A company that is In Business For Life nurtures the dignity of all people, starting with its own people.
By Brad Lindemann
I recall interviewing a single mom who tearfully told me about the travails of her teenaged son. He had gotten so out of control that she had no choice but to put him in one of those very strict private boot camp like facilities. She was desperately trying to keep him out of the legal system, knowing that once he went down that slippery slope he may never come back.
Having our fair share of experience with rebellious teenagers, my wife and I are very sympathetic and empathetic to parents in such situations. We’ve felt the self-incrimination and the harsh judgments coming from the “perfect kids” parents. We know how it feels to be loathed by the ones you love so deeply that you’d gladly trade your life for theirs. And as a business person, I well know how difficult it is to focus upon the business at hand when you have a child with one foot over a cliff.
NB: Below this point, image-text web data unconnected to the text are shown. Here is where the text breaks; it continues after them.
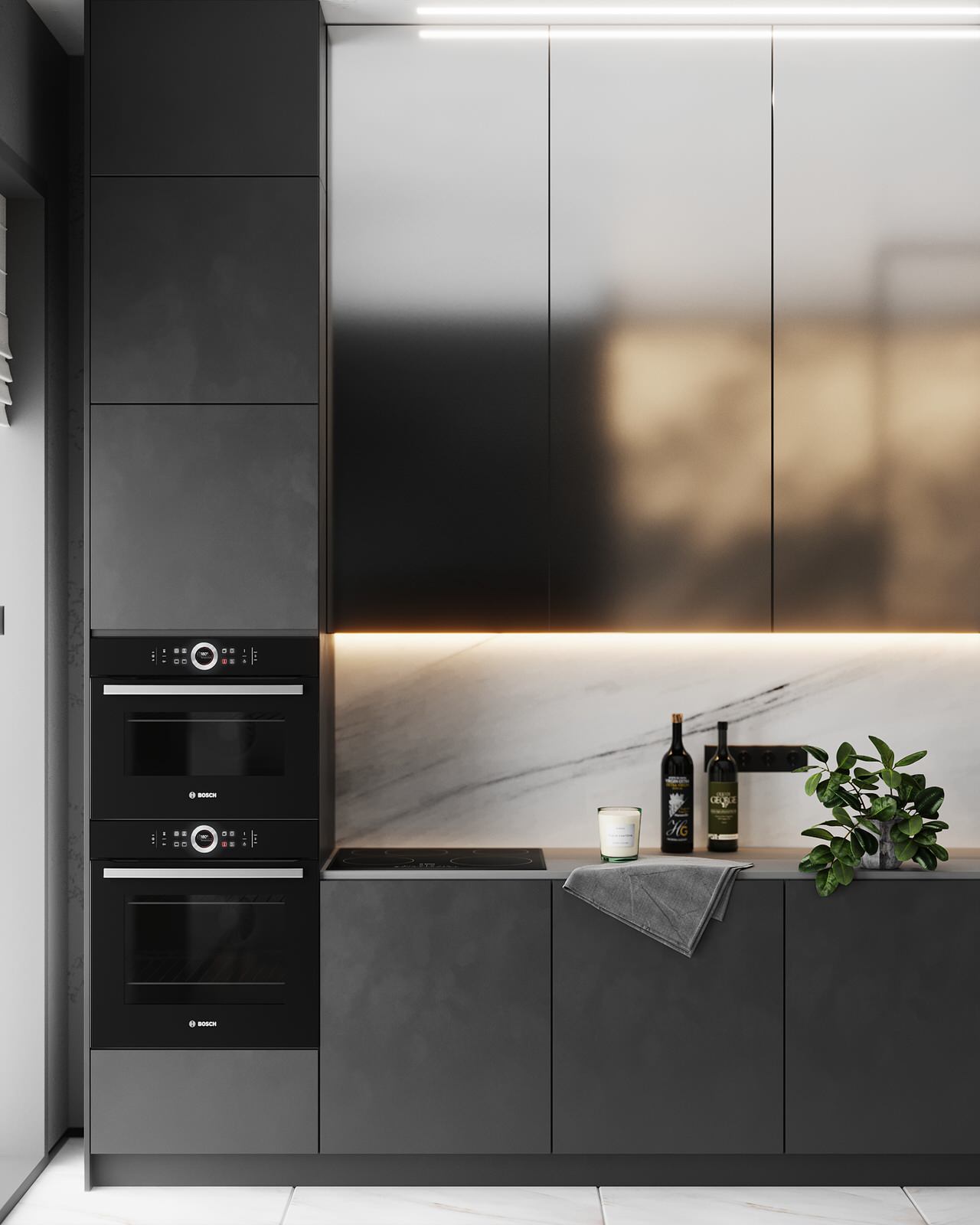 Проект в ЖК "Wellton Towers"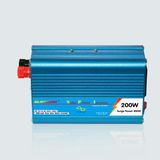 Factory Wholesale 200W 12V DC AC 110V 220V Pure Sine Wave Solar Power Inverter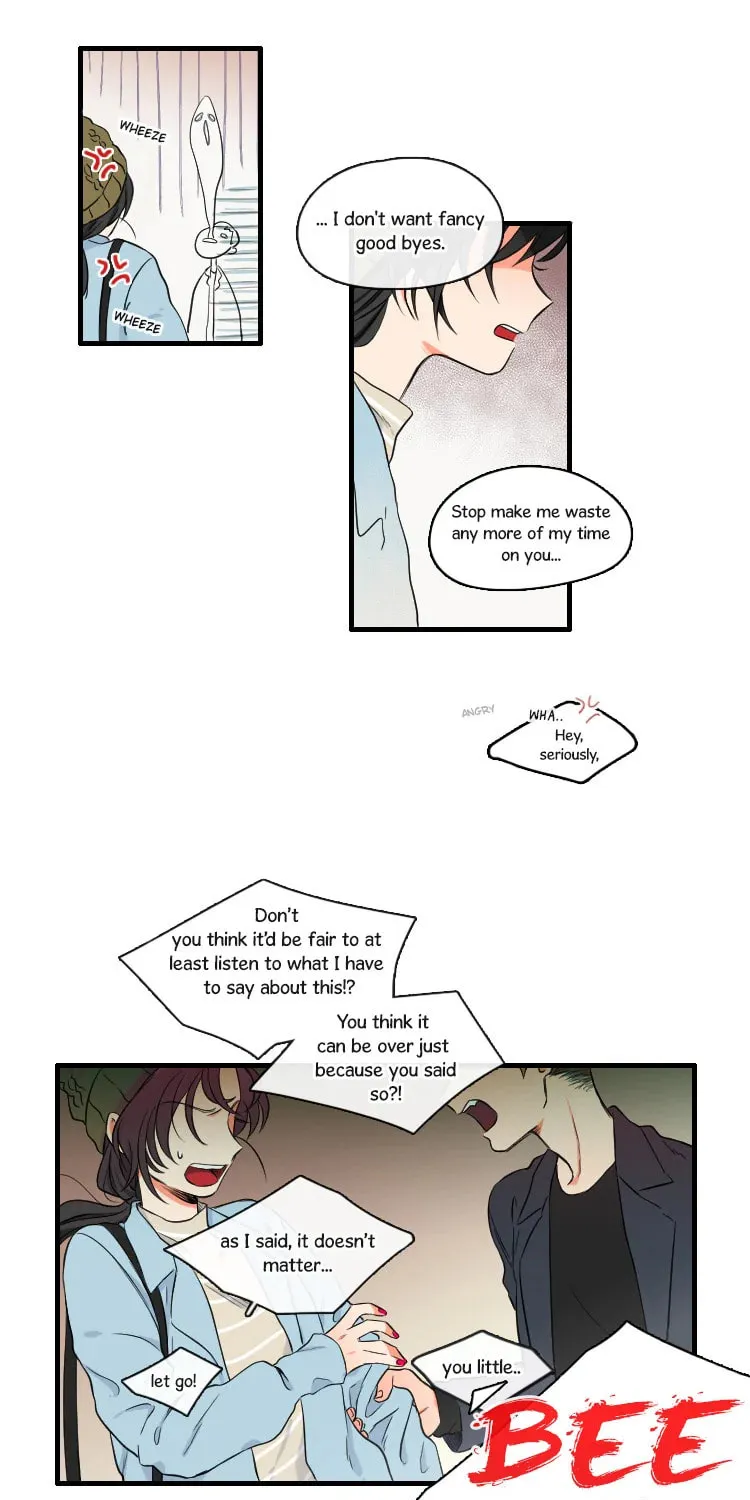 Read Wish You Were Gone chapter 10 image 10 on Lezhin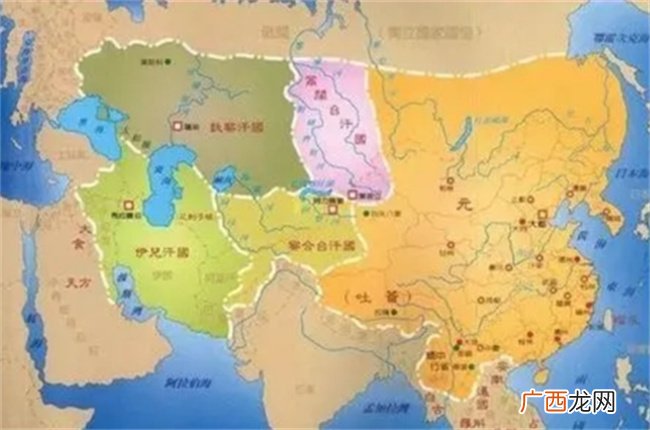 元朝和金朝是一个国家吗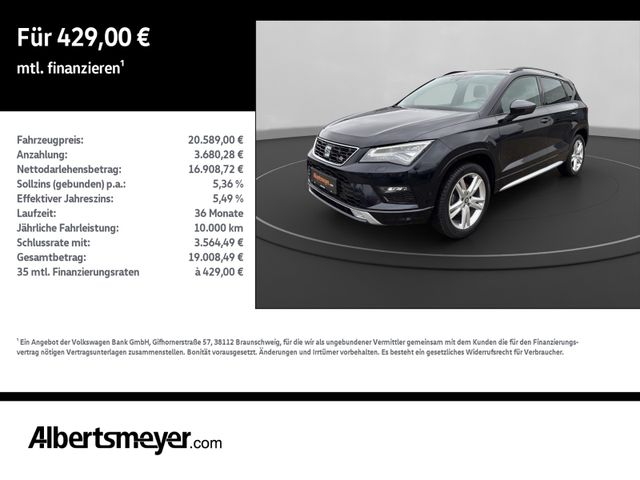 SEAT Ateca FR 1.5 TSI  +NAVI+PANORAMA+LED+KLIMA+ACC++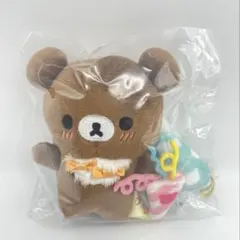 リラックマストア　コリコグストア チャイロイコグマ パーティーぬいぐるみセット
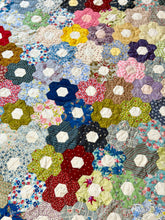 Load image into Gallery viewer, Blossom Symphony, A Finished Quilt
That’s why we embrace the whole person…bags and all. Sometimes it helps just knowing that you’re not alone and that others have gone before you. Sometimes your co-workers (even your boss) can be the best support system available, particularly in broken family situations. Sometimes it just helps to talk about the things that trouble you the most. Not so much because your listeners will be able to solve your problems. But rather, having been listened to with understanding, you will be better equipped to solve them yourself.
Don’t confuse “embracing the whole person” with minding someone else’s business. We’ve been very careful over the years to respect the personal boundaries of our employees. We don’t force transparency. We simply make it a safe and sensible way to be should our employees want or need to be so. Otherwise, the burden of keeping one’s personal baggage hidden becomes yet one more rock in an already very heavy bag.